The verse most often cited
When a biblical reference is given, it is almost always 1 Corinthians 10:13. The full verse in BSB:
No temptation has overtaken you except what is common to mankind. And God is faithful; He will not let you be tempted beyond what you can bear. But when you are tempted, He will also provide a way of escape, so that you can stand up under it.
In the KJV (1769):
There hath no temptation taken you but such as is common to man: but God is faithful, who will not suffer you to be tempted above that ye are able; but with the temptation also make a way to escape, that ye may be able to bear it.
The verse is part of a passage (1 Corinthians 10:1–13) addressing the Corinthian church’s situation regarding food sacrificed to idols. Paul has been recounting Israel’s experience in the wilderness as a warning against idolatry. Verse 12 — “So the one who thinks he is standing firm should be careful not to fall” — leads directly into verse 13.
The semantic narrowing
The Greek word at the centre of 1 Corinthians 10:13 is πειρασμός (peirasmos). The word appears three times in this single verse in noun form, plus the cognate verb πειράζω (peirazō). BDAG s.v. peirasmos glosses the noun’s range as “test, trial, temptation” — covering both external testing and internal solicitation toward wrongdoing.

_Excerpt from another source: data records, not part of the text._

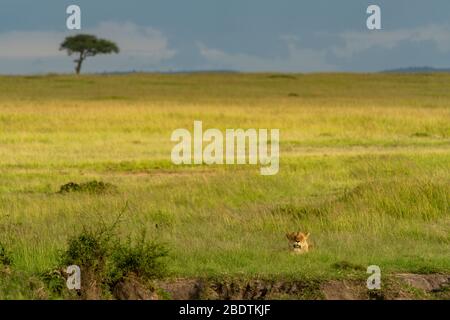 Im späten Nachmittag, eine Löwin ruht im Gras Stockfoto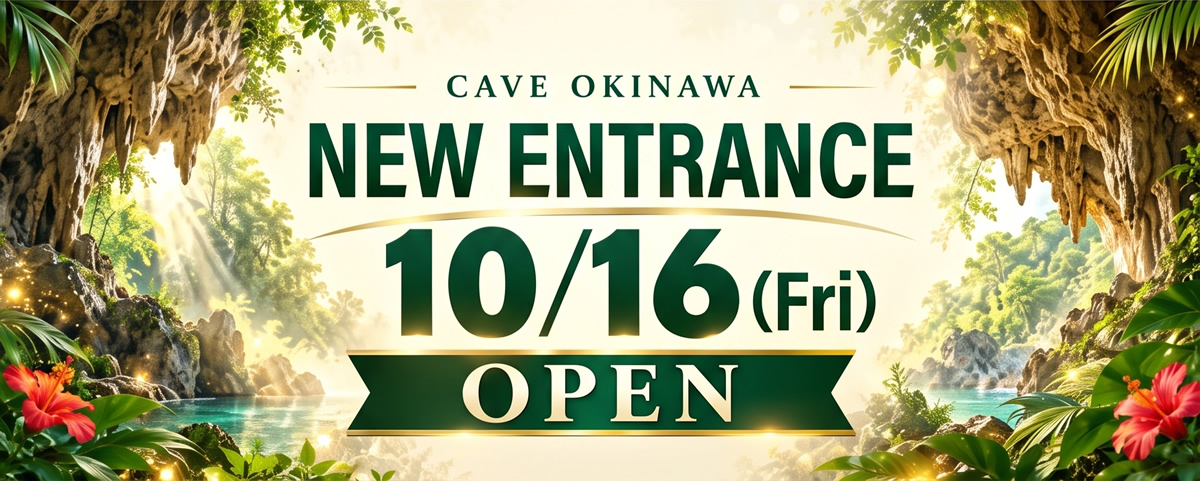 new entrance 10/16(fri) open
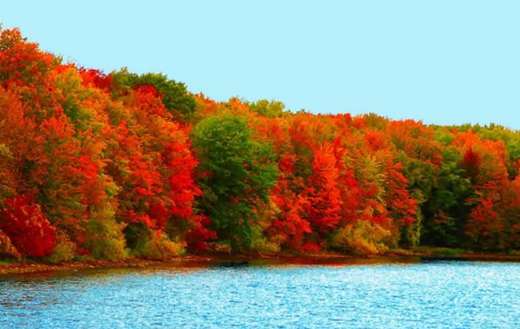 Nature turned colorful during autumn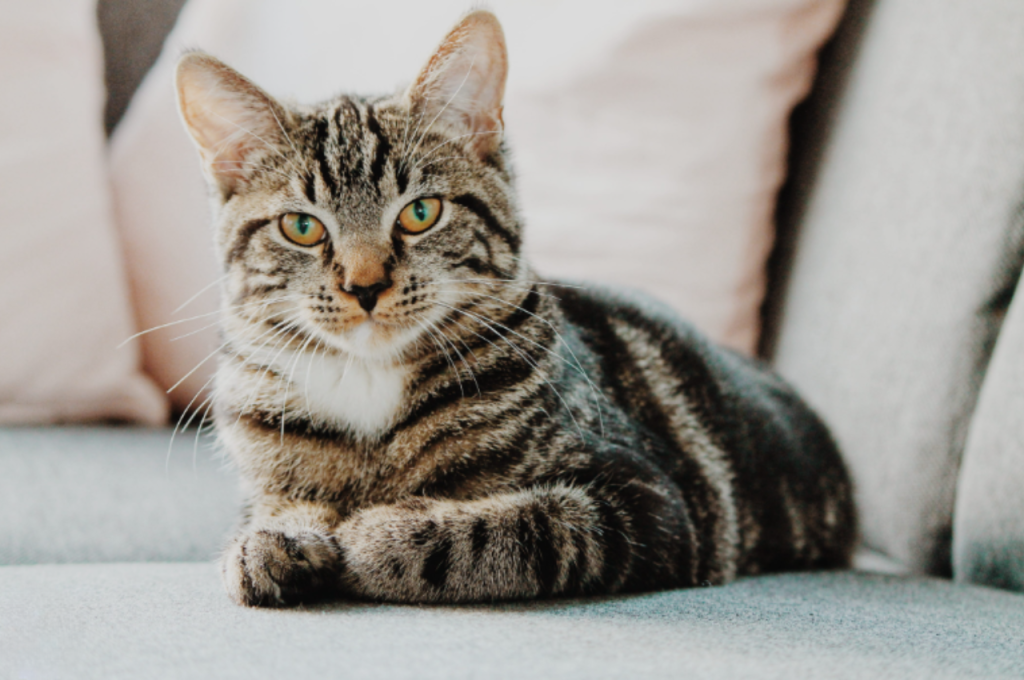 Can I rename my cat?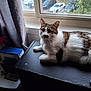 Tiger is registered to the contest to win money with this photo: cat, window, curtain, indoor, table, car, parking_lot, box, spray_bottle, furniture, pet, white_fur, brown_fur, relaxing, animal, domestic, resting, daylight, houseplant, technology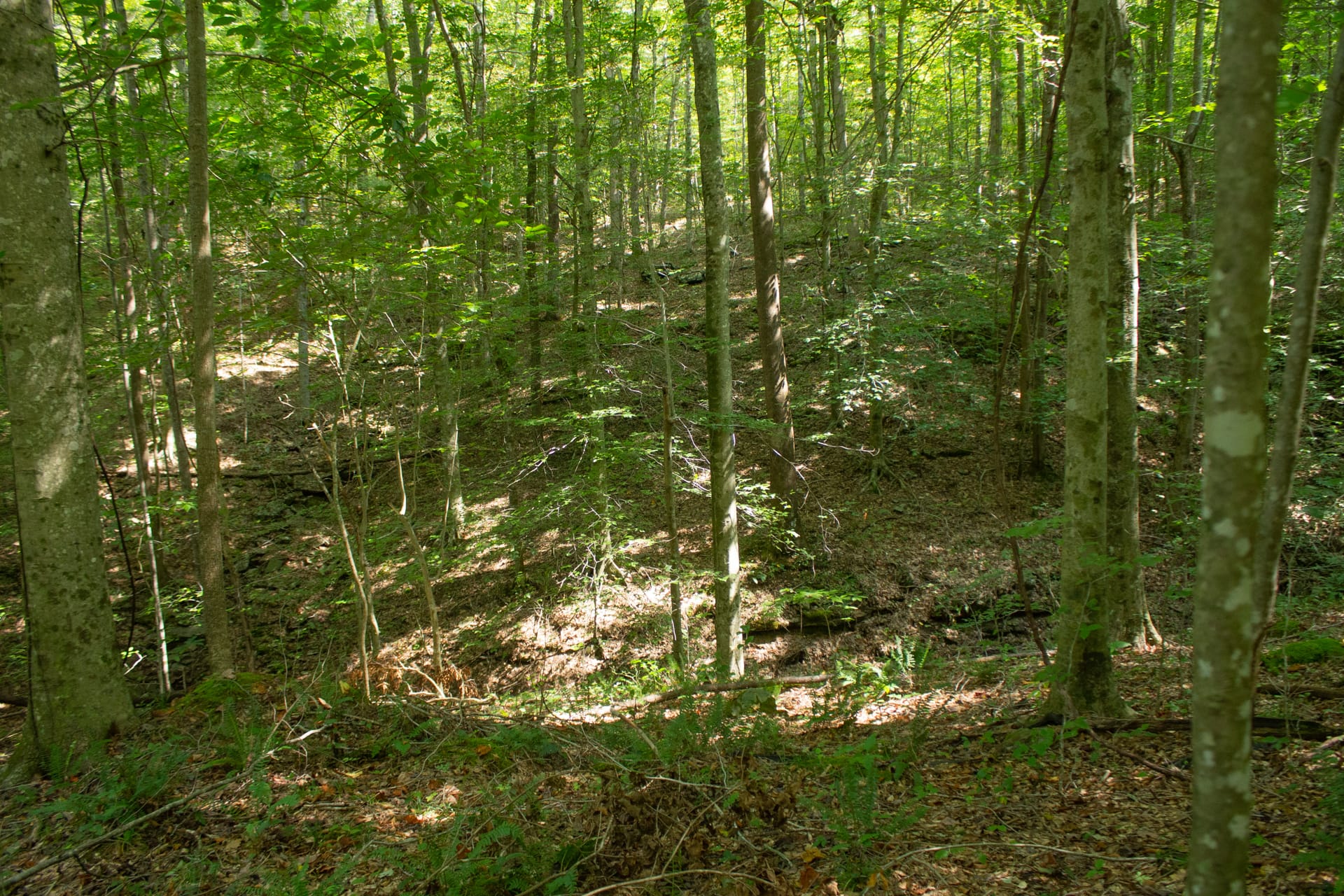 Bluegrass Ridge Tract 2 photo 20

The verse does not use the Greek vocabulary of suffering generally:
- πάθος (pathos) — suffering, passion, affliction
- θλίψις (thlipsis) — pressure, tribulation, trouble (used dozens of times in Paul’s letters)
- λύπη (lypē) — grief, sorrow
These are the words that would appear if Paul were addressing suffering generally. He does not use them in 1 Corinthians 10:13. He uses peirasmos.

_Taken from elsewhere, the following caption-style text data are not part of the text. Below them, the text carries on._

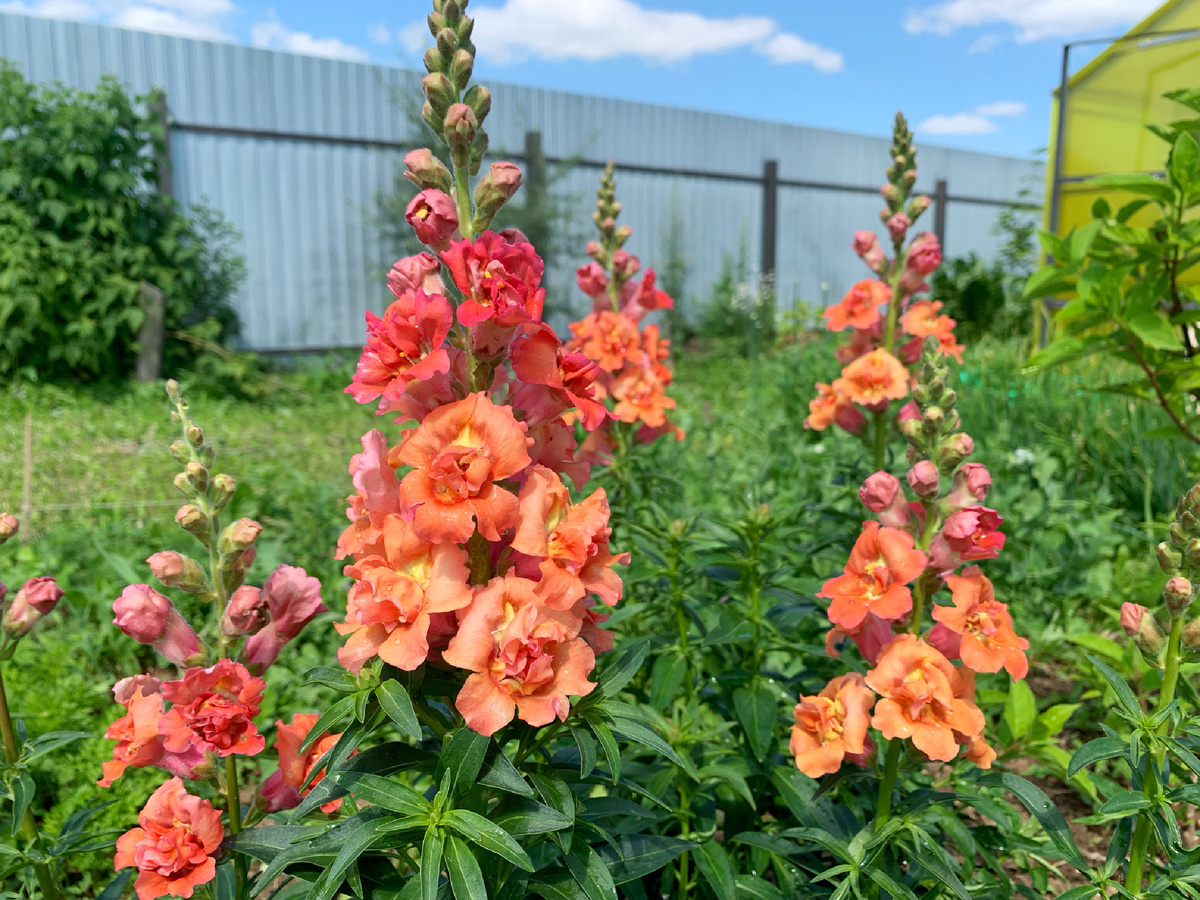 Махровый антиринум в оттенке «бронза»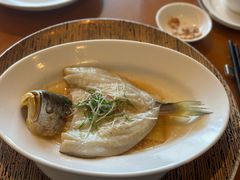 鸡油鲜竹笋蒸黄鱼-广州富力君悦大酒店空中花园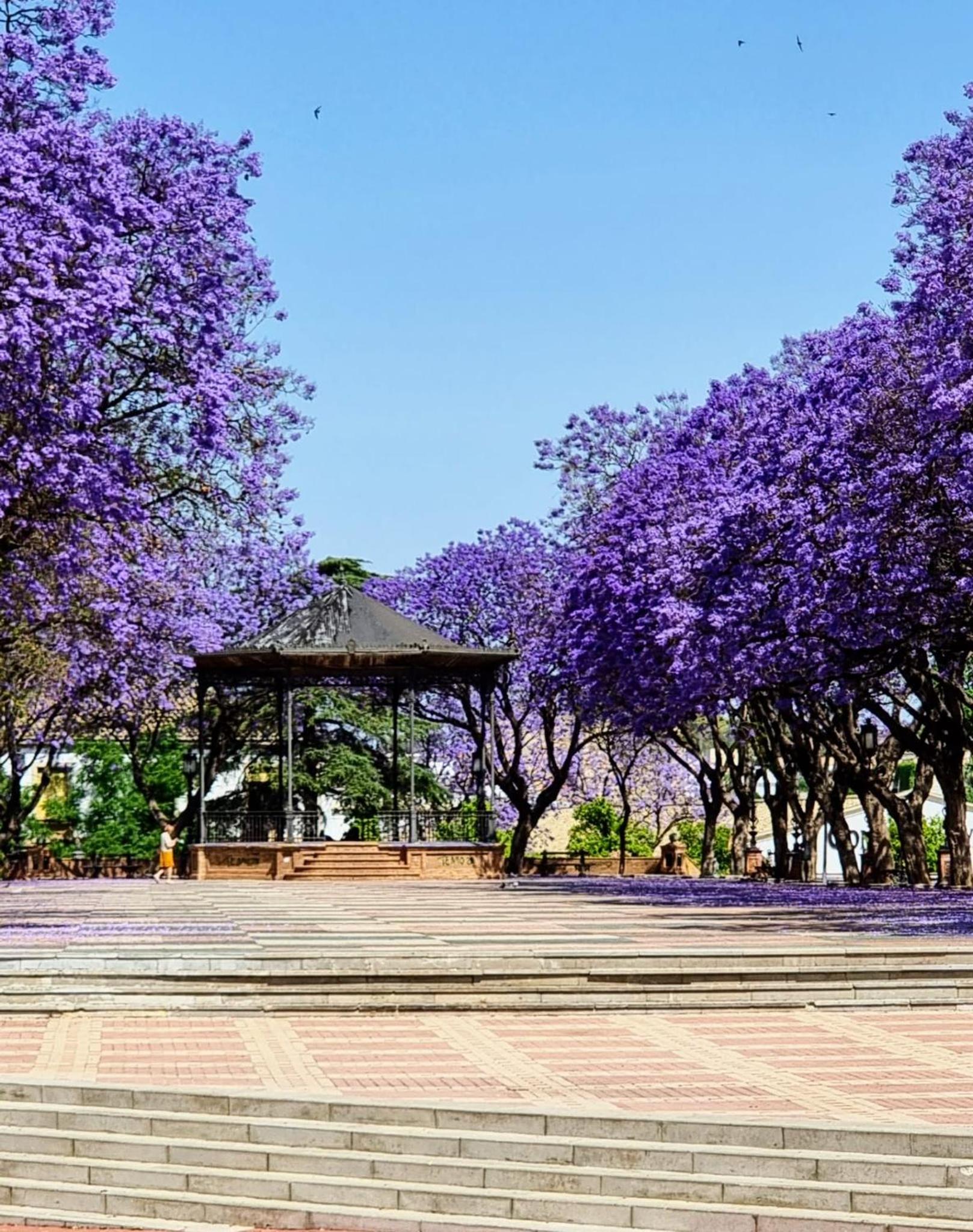 Alazán Jerez II-Parking gratis-wifi-Netflix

What the verse promises is that, under temptation, God provides a way of escape — a way to stand up under it. The “more than you can bear” refers specifically to the temptation, not to whatever suffering one might encounter.

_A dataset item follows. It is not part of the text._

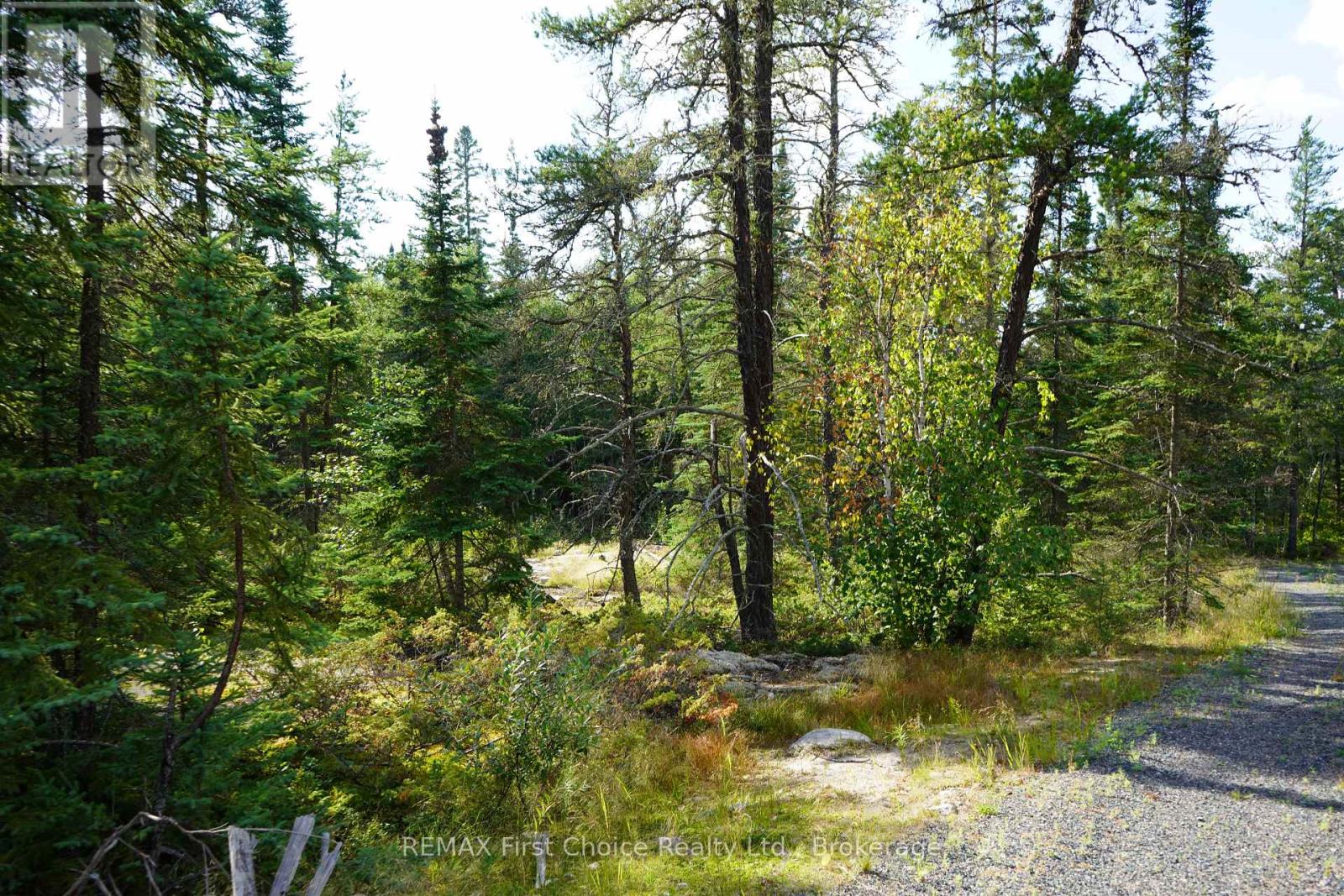 Lot 5 Gunn Lake Road, Kenora Remote Area, Ontario  P0X 1J0 - Photo 22 - X13880996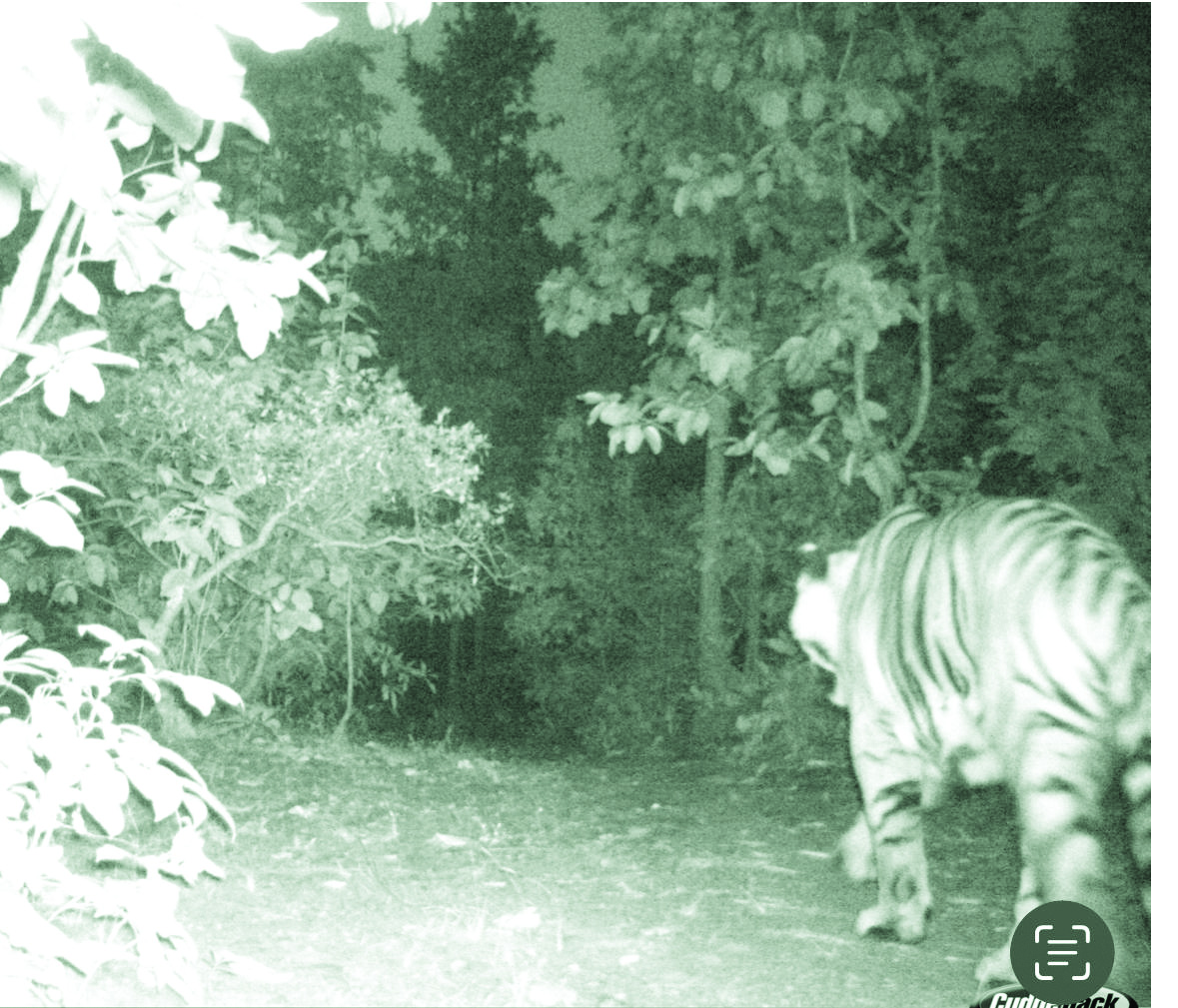 Forest dept trap cameras capture fresh images of stray tiger in Purulia Forest dept trap cameras capture fresh images of stray tiger in Purulia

What 2 Corinthians 1:8 says
Paul’s own description of his experience in 2 Corinthians 1 says something materially different from the popular phrase. The verse in BSB:
We do not want you to be unaware, brothers, of the hardships we encountered in the province of Asia. We were under a burden far beyond our ability to endure, so that we despaired even of life. Indeed, we felt we had received the sentence of death, in order that we would not trust in ourselves, but in God who raises the dead. (2 Corinthians 1:8–9)
The phrase translated “far beyond our ability to endure” is Greek καθ’ ὑπερβολὴν ὑπὲρ δύναμιν (kath’ hyperbolēn hyper dynamin) — literally “to an extreme beyond [our] ability.” Paul explicitly says he and his companions were under a burden that exceeded their capacity. The point of the passage is not that the burden was sustainable; it is that the burden was unsustainable, and that this unsustainability drove Paul to depend on God who raises the dead.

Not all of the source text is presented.